The following is the seventh installment in a weekly series of reflections from one of our learners in the Beyond Mindfulness program. Each week, Noopur will recap her personal experience to give insight into her journey towards a more aware and intentional life. If you’re ready to start your journey in mindfulness, please get in touch. We’re here to help.
Hello lovely people!
How are you all today?
I am doing well, but I am also a bit sad. Though the journey beyond mindfulness will never end. Our six-week-long journey came to an end this weekend. And I am left a bit empty. It never felt like I was going for a class or was “studying” something. It always felt like I was having a conversation with a bunch of friends about life and together pushing our thresholds of thinking.
Even with the last session, there was so much I learned about myself and took back from the session.

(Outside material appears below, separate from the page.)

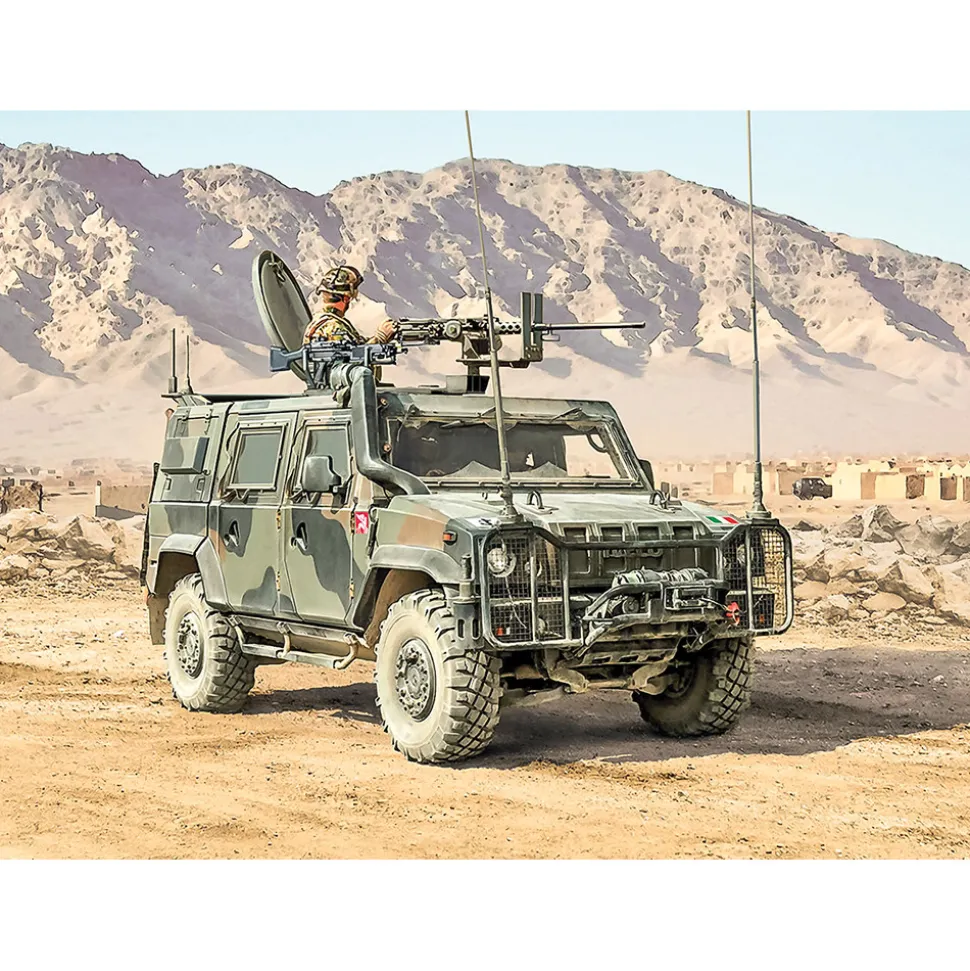 VTLM Lince 1/35 Kit 1:35 scale Plastic by Italeri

A Failed Meditation Practice
Tracy took a wonderful meditation at the beginning of the session, but guess what? I was super restless. The first five minutes I found myself drifting mentally, and after that, there was a deep sense of awareness of all the physical things, the way my hair was touching my shoulder, the general heat in the room, the stiffness in my neck and shoulders, how uncomfortable my posture was. It felt like the silence and internal quiet made the voice of my body a lot louder. My body seemed to be screaming. It needed attention at that point. So I did what one would do in this situation. I decided to acknowledge my body and how I felt and tried to let go and refocus on my breath. At last, I caved in, I opened my eyes and started staring around me. When I shared this experience with my cohort. I was reminded that this was very normal while meditating. It just means one has to try to focus more. With time it gets easier to do. There will still be days of restlessness, but I will find my way out too. Definitely a good reminder at the start of the session.
Importance of Creation
Ever wondered what it means to create? Though somehow people (including myself) consider that creation has a lot to do with artistic things and the creation of art, is that all there is to it? What does it take to create? This was our discussion for this week. I do tend to wonder about these things quite often. What defines creativity? What makes an artist an artist? How does one become more creative? I don’t think these things have a fixed formula to them. But one thing I understand better now and that was also brought up in the session was the importance of play.
One of our cohort members shared this story about the origin of everything and said that there was no plan and a lot of play involved in it. That stayed with me. Play is a word that gets associated with either children or artists, a lot. It’s a word that comes without any baggage of judgment, fear, and restrictions. But is that actually true? Is there no play in other things that we do or have we forgotten how to notice it? This is less of a question for you and more a question for myself. Have I forgotten how to play? Or have I just compartmentalised it? A couple of things that are coming to my mind as I write this are. Nature is so playful. Each leaf on a plant looks different. Animals and birds make time for play during the day. Babies! I think babies are such a wonderful example of play! When they are learning to use their body, they move it in various ways, with different energies, and learn about it. They play with food, with items around them. So will I be wrong if I say everything is play, everything is art? I don’t think so. I remember watching this webinar on our channel where the guest speaker mentioned that in olden times when people lived in tribes, art and living were one and the same thing. They were never different. When I first heard this I thought it was very profound. I feel somewhere I started segregating life into pockets of this is creative, this is not. While creation truly stems from shedding every label and just playing, appreciating the process, the pain that comes with it, and the joy it brings.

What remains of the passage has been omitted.